Efficient Algorithms for Large-scale Transcriptomics
- Mingfu Shao, Carnegie Mellon University
- Time: 2018-04-02 16:35
- Host: CFCS
- Venue: Room 101, Courtyard No.5, Jingyuan
Abstract
I will present modeling and algorithmic designs for the challenging problems in transcriptomics and show that efficient computational methods enable significant advances in our understanding of cell machinery. The problem is the assembly of full-length transcripts -- the collection of expressed gene products in cells -- from noisy and highly fragmented data obtained through RNA sequencing. I first formulate this problem as a graph decomposition problem, and then design an efficient algorithm for it, which can guarantee to preserve all long-range information. Integrating and assembling 7000 RNA-seq samples using this algorithm yields a more complete human transcriptome and reveals many potential novel transcripts.
Biography
Mingfu Shao is currently a Lane Fellow at Computational Biology Department, School of Computer Science, Carnegie Mellon University.
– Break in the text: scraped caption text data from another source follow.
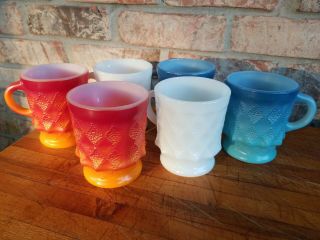 Set Of 6 Vintage Anchor Hocking Kimberly Diamond Oven Proof Coffee Cups Mugs 319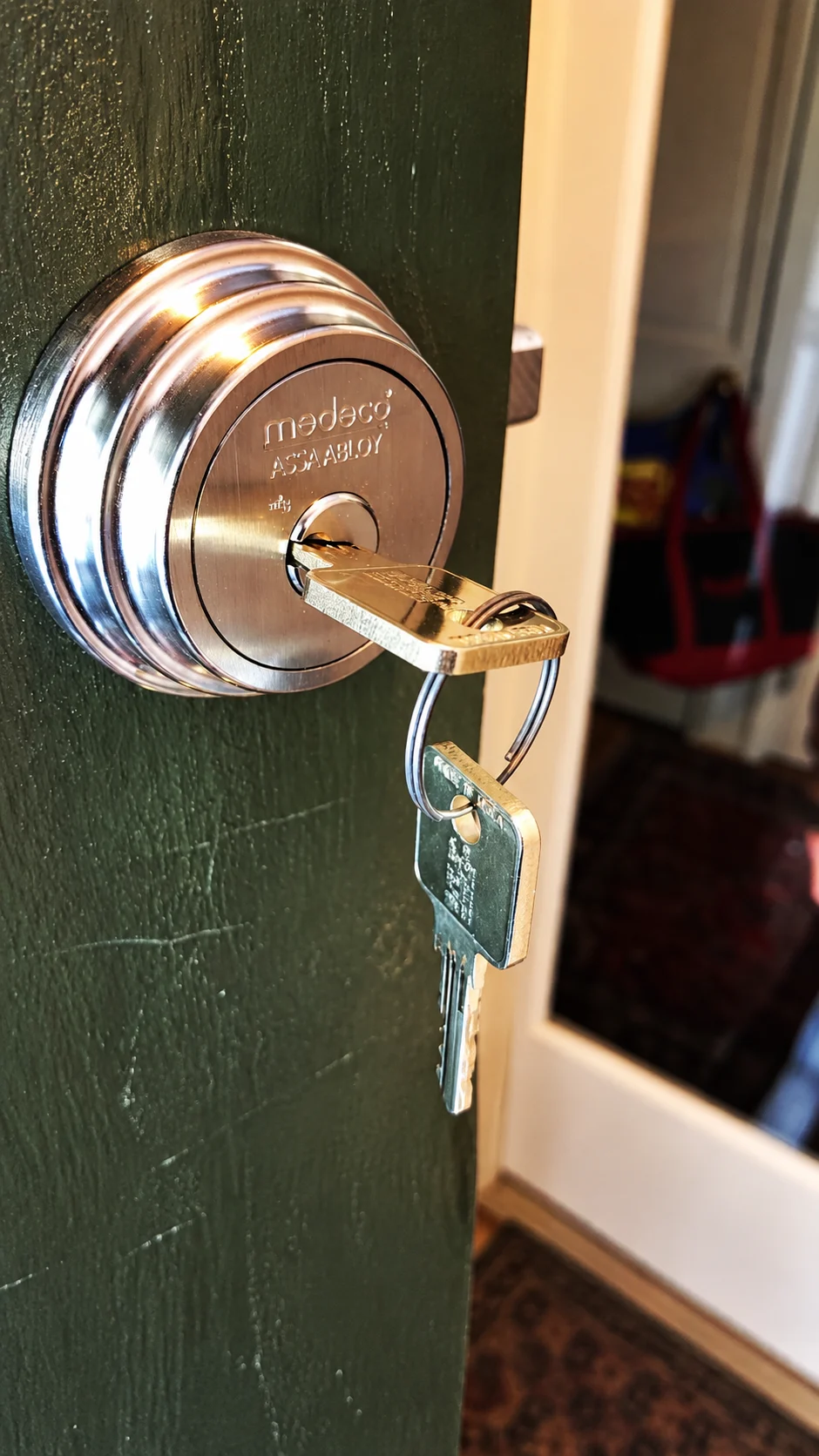 Medeco cylinder with keys in a green door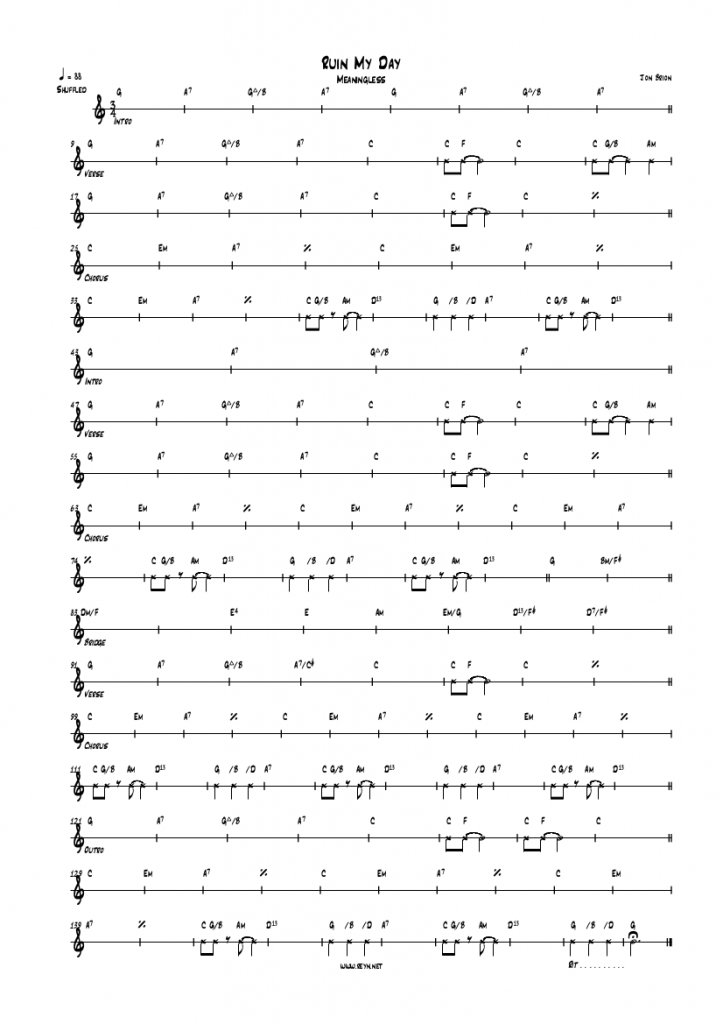 Ruin my day by Jon Brion — sheet music transcription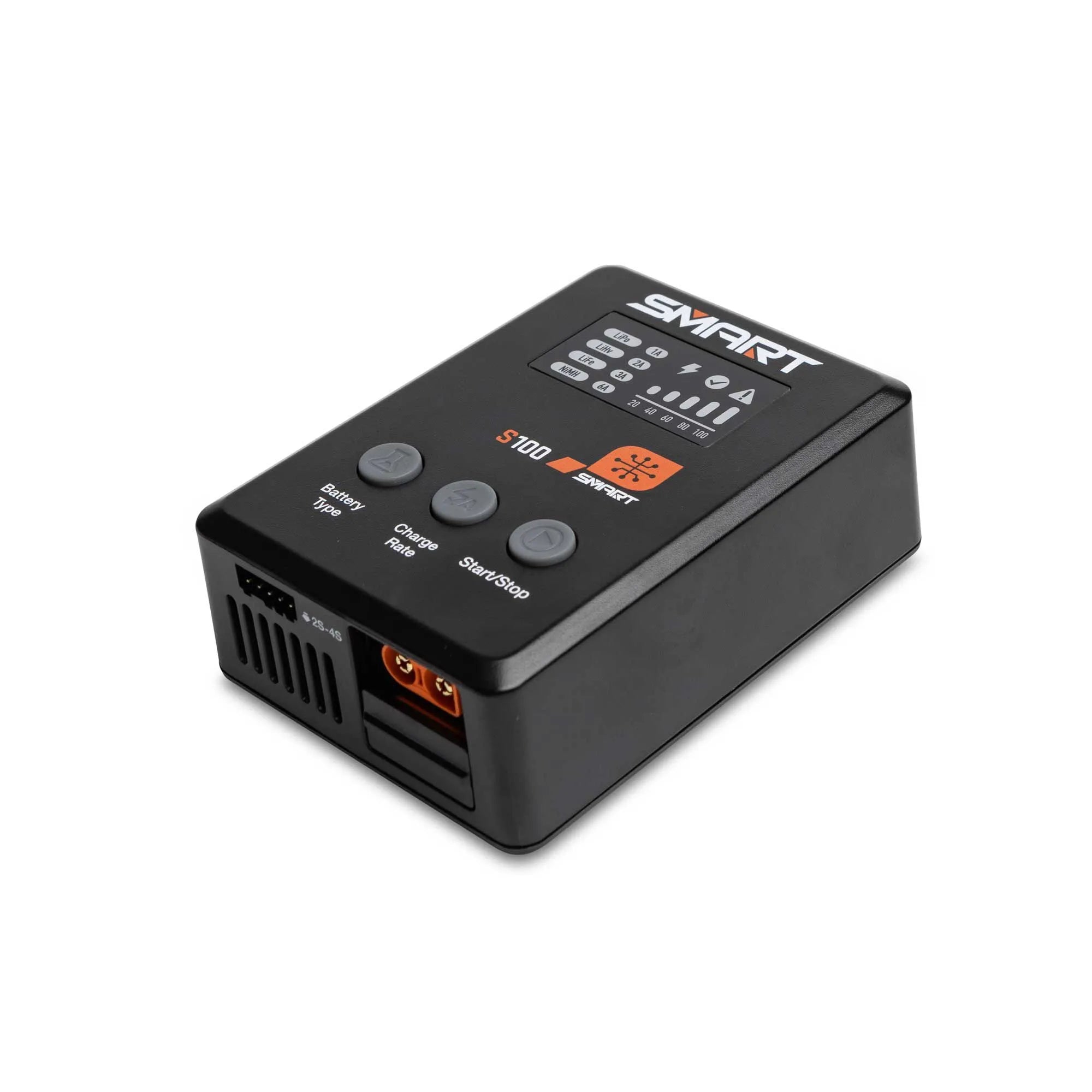 A Spektrum Smart S100 G2 2-4S USB-C Charger with buttons and ports visible on the front panel.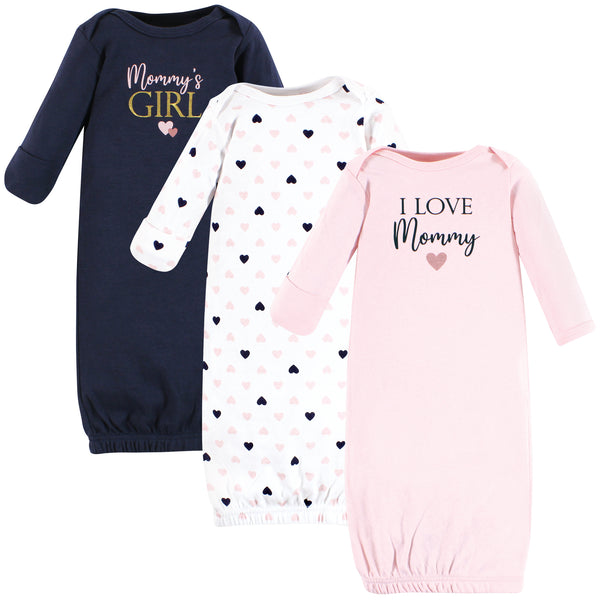 Hudson Baby Infant Girl Cotton Gowns, Girl Mommy Pink Navy, 3-Pack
He obtained his Ph.D. from EPFL (Swiss Institute of Technology, Lausanne), Switzerland. His research interests include the development of efficient algorithms for combinatorial optimization and machine-learning problems, and their applications to computational biology and precision medicine. At CMU, he works on large-scale transcriptomics; he has developed a new transcript assembler called Scallop. His Ph.D. research focused on comparative genomics. He was awarded the prestigious Dimitris N. Chorafas foundation award for his contribution in designing innovative algorithms for problems in genome evolution.